I suggest breaking up that big flat board where baffles are mounted to with some sort of a line to "lighten up" the look.


----------



## bratwurst_boy (Jun 16, 2013)

Mless5 said:


> Nice!
> 
> I suggest breaking up that big flat board where baffles are mounted to with some sort of a line to "lighten up" the look.


i'm going to use expanding foam and shape from the top of the speaker baffles into the arm rest and down to the edges of the flat board.


----------



## bratwurst_boy (Jun 16, 2013)

The start of the A pillars is taking shape. god i love foam, makes it so easy to build and shape. i still need to do some shaping and then start the glassing.


----------



## 49konvict (Mar 18, 2013)

What kind of foam did you use. Much better than stretching cloth over and getting those volcano shapes


----------



## bratwurst_boy (Jun 16, 2013)

It's just a 2 part foam. Im not sure on the brand but I'm sure if you had a search around you will find one you could get locally.
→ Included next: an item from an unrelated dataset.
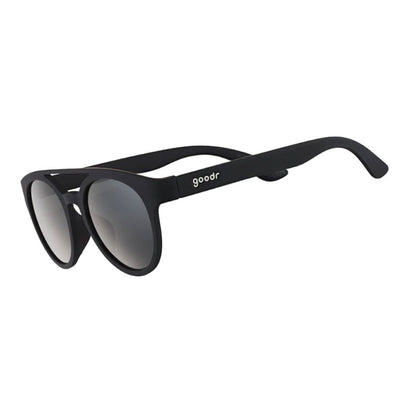Goodr Professor 00G sunglasses with double nose bridge design and polarized lenses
It's so easy to shape just rough cut with a knife or hack saw blade then shape using 80 grit sand paper


----------



## Deathjunior (Aug 2, 2011)

subscribed, those door panels will be awesome


----------



## PsyCLown (May 17, 2013)

Hmm, so how does the foam work compared to stretching cloth over?

You just fill it all with foam, rough cut an then shape, fibre glass and let it cure and then body filler and at some point dig up the rest of the foam and scrap it?


----------



## bratwurst_boy (Jun 16, 2013)

PsyCLown said:


> Hmm, so how does the foam work compared to stretching cloth over?
> 
> You just fill it all with foam, rough cut an then shape, fibre glass and let it cure and then body filler and at some point dig up the rest of the foam and scrap it?


i've used cloth before but found it hard and messy to work with and get the shape i wanted, foam is so much easier.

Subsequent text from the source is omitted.